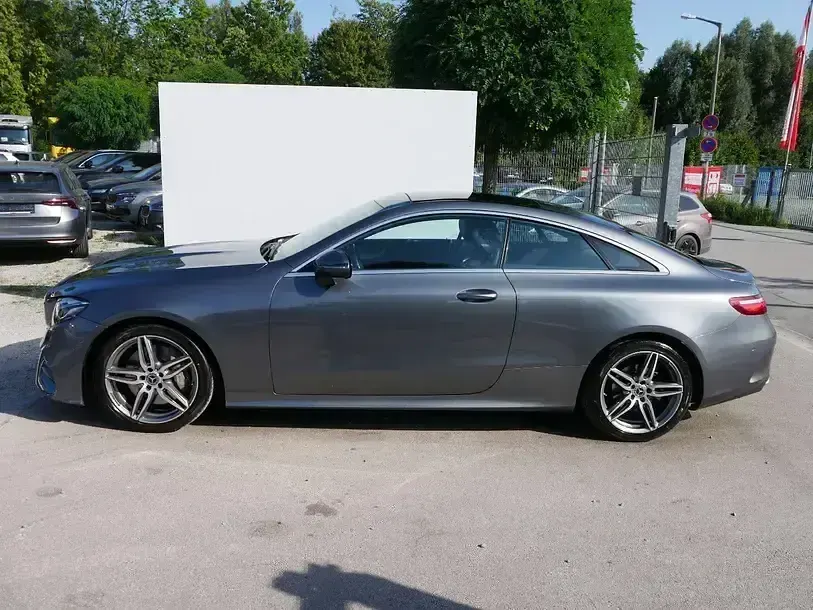 Gebraucht Mercedes E300 AMG line 258 PS (189 kW) 2020 Selenitgrau metallic (metallic) Coupé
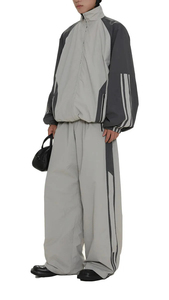 Chaqueta y Pantalones Deportivos con Capucha para Mujer, Talla Grande, con Cordón Ajustable, 100% Nailon, Venta al Por Mayor - Product Image 2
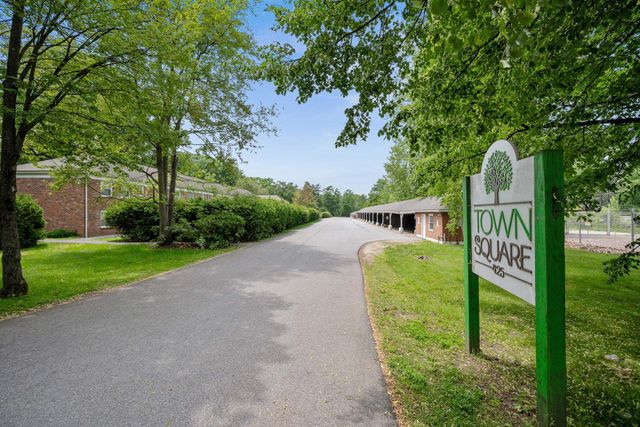 425 Dorset St Unit 19, South Burlington, VT 05403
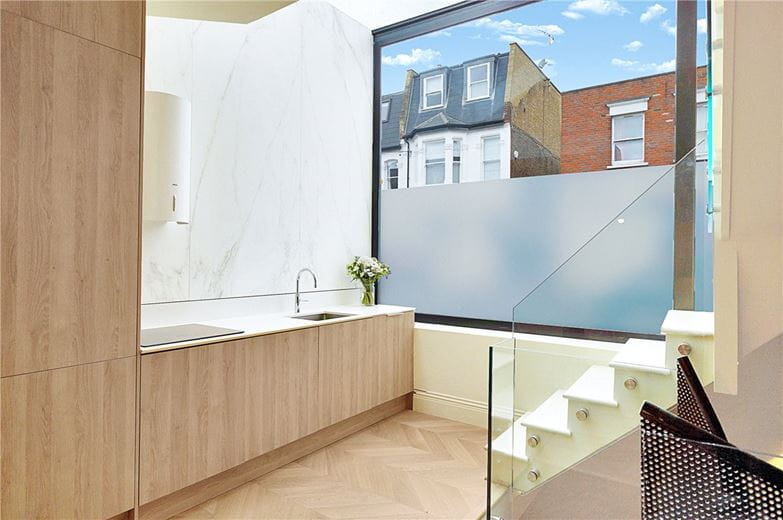 3 bedroom house, Cortayne Road, London SW6 - Available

________________

◆ TASK PROMPT
Since the pictures are not wanted, transcribe the rest of the listing above exactly.

◆ OUTPUT
 Gebraucht Mercedes E300 AMG line 258 PS (189 kW) 2020 Selenitgrau metallic (metallic) Coupé
 Chaqueta y Pantalones Deportivos con Capucha para Mujer, Talla Grande, con Cordón Ajustable, 100% Nailon, Venta al Por Mayor - Product Image 2
 425 Dorset St Unit 19, South Burlington, VT 05403
 3 bedroom house, Cortayne Road, London SW6 - Available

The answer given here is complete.